What’s unique with OpenX’s platform is where the auction takes place – in the user’s browser. OpenX’s customers have just started using the new platform and while it’s questionable how the change will affect rates, there are some potential benefits to a browser-level auction, even if the effects are likely only “marginal,” according to Gartner's Frank.
“By pushing out a lot of the decision-making off of the server, in principle you can get more scale. You can get closer to the user context which gives you some advantages, (such as) incorporating viewability into the decision-making process ... you might also have more information available at the browser level,” Frank said.
Scalability is important to large publishers, and OpenX touts Yellow Pages, TV Guide and the New York Observer as users of the new platform.
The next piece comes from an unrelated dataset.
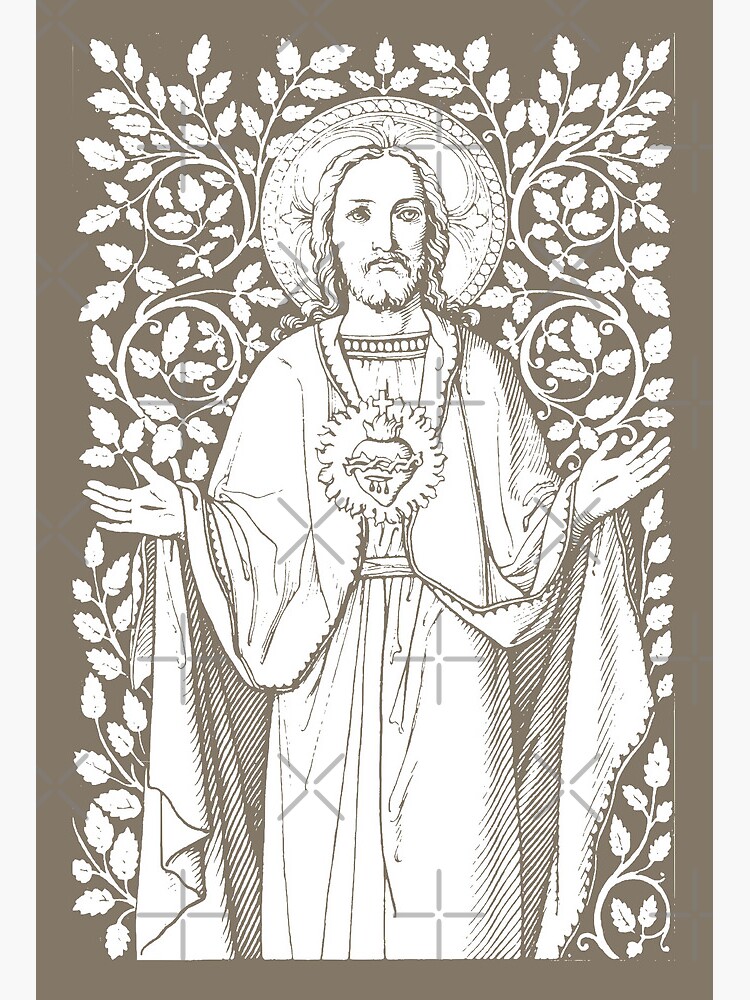 Jesus christ with his sacred heart art board print for sale by beltschazar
In choosing a vendor, “any (ad tech vendors) that have interesting features but don’t have scalability behind them fall of the list,” said David Lebow, vice president of digital markets at Yellow Pages. “I look at scalability as an advantage and a lack of scalability as risk. When you look at the size of a network – an 80 million-user network like YP has – you have to look at scalability as a positive.”
The trade-offs are possible latency issues involved in trying to conduct an auction on each user's browser, rather than a single server, Frank said, as well as the fact that a collection of browsers are more diverse than a single server and may be more difficult to control.
The question of whether a server-level or browser-level auction will significantly alter the end goal – higher ad rates for publishers – remains to be seen, Frank said. However, in an environment where a SSP vendor might be taking a 15% to 30% cut of a publisher’s net ad revenue for the promise of higher ad rates, even marginal changes can give one vendor the edge.